Ну а тут еще ветер поднялся. Но с ветром — Тати уж знала — дело безнадежное: он никогда не давался в руки, даже не позволял взглянуть на себя, хотя везде и всюду напоминал о своем присутствии. Ах, уж этот ветер!..

Прежде чем идти домой, Тати бросила пригоршню брызг на себя — на лицо, на платье, как женщина, которая душится.

Когда настала ночь, Мануэла упала на свою постель, не ответив на несколько вопросов дочери относительно воды, которая ту так занимала. Зарывшись под одеяло, Тати повторила матери свои последние заказы на завтра: тележку и уточку, такие, как у мальчика с соседнего двора.

— Этот мальчик, у которого тележка, ел такие конфеты — знаешь, мамочка? Не поверишь!.. А бумажки — красота! Здесь все едят много даже леденцов, я нахожу…

— Спи, Тати.

— Здесь хорошо.

— Спи…

Море было бы видно во всю свою широту, если бы не небоскреб. Прочие важные персонажи в жизни Тати — подружки из предместья, откуда они с матерью переехали только сегодня, заплясали в эту минуту у нее в памяти. Целая толпа детей, отступившая куда-то в пыль, в туман, в ночь… Тати не спалось… Зато мать одолевал сон. Измученная, она решила, что разбираться на новом месте начнет завтра. Район показался ей очень изменившимся по сравнению с тем временем, когда, шесть лет назад, она шила для одной богатой семьи, проживающей здесь, а Тати только собиралась появиться на свет. Отец Тати женился потом на другой и уехал в Европу. Зачем думать о грустных вещах?..

— Мамочка, это море шумит, да?

— Да. Не бойся, спи…

Мать ошиблась. Тати вовсе не боялась, напротив, она страстно ждала, что опять рассветет, и можно будет побежать на пляж и подойти совсем близко к волнам. И когда мать уже спала, Тати всё лежала с открытыми в темноте глазами и жалела, что теперь они будут жить по-другому, далеко от всего. Пригородные поезда здесь не ходят… Зато вот море… Оно слышалось так явственно и так близко, что, казалось, комната плывет куда-то в темноте…

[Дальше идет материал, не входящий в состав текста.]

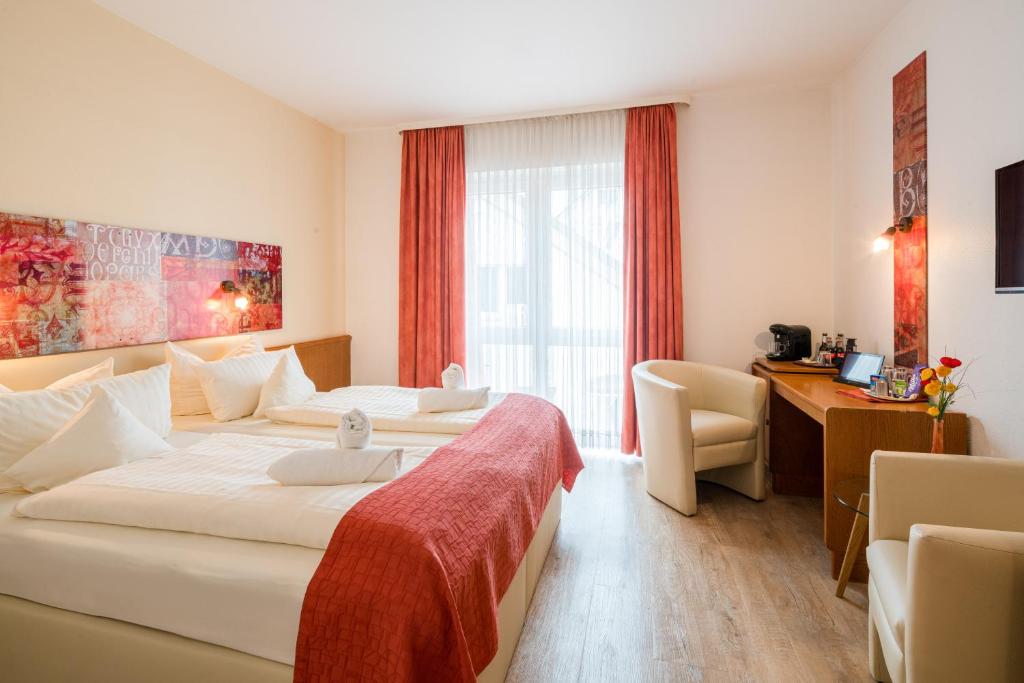 a hotel room with two beds and a desk at Arador-City Hotel in Bad Oeynhausen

Когда на следующее утро девочка открыла глаза, полоса солнца резала пополам тело спящей матери. Тати подождала, пока она проснется. Вместо того чтобы просто разбудить ее, она стала делать разные легкие шумы, как бы случайно. Вопросы, которые она намеревалась задать матери, нетерпеливо скапливались у нее в горле. Тело Мануэлы, укрытое одной простыней, разделяло кровать на две половины, как белая стена. Тати вообразила, что по другую сторону лучше; перелезла через стену и обосновалась на другой стороне. Ей понравилось. Она засмеялась. Хотела повторить свое сальто-мортале и снова перешла живой холм по долине талии. Ух ты! Да эта мама никак не просыпается. Большая такая. Поскольку мать начала, наконец, просыпаться, Тати запрыгала на постели, хватая ее за щеки, покрывая поцелуями, обрушивая на нее град слов и вопросов.

— Мамочка, ты можешь родить мне утеночка?.. А я уже проснулась, уже по коридору ходила, до самого конца… Какой наш дом смешной! А ты позволишь мне сейчас к морю пойти?

Вскоре маленькая фигурка уже вертелась под ногами у рыбаков, тянущих сеть.

Так в районе еще одна девчушка объявилась? Ее гладили по голове, брали на руки, уличные торговцы протягивали ей апельсин с лотка.

Два раза мать испугалась, что ее похитили: местные шоферы завели привычку сажать ее рядом с собой на сиденье в качестве талисмана. Портниха сначала ужасно беспокоилась, потом привыкла и махнула рукой.

— Слушай, дочка, если ты всё время будешь околачиваться у моря, рыбаки когда-нибудь примут тебя за рыбу, поймают и в корзину бросят.

Тати слушала с напряженным вниманием. Оказаться в корзине вместе с другими рыбами — как интересно!

— А потом, мамочка?

— Потом… Они тебя с лотка продадут.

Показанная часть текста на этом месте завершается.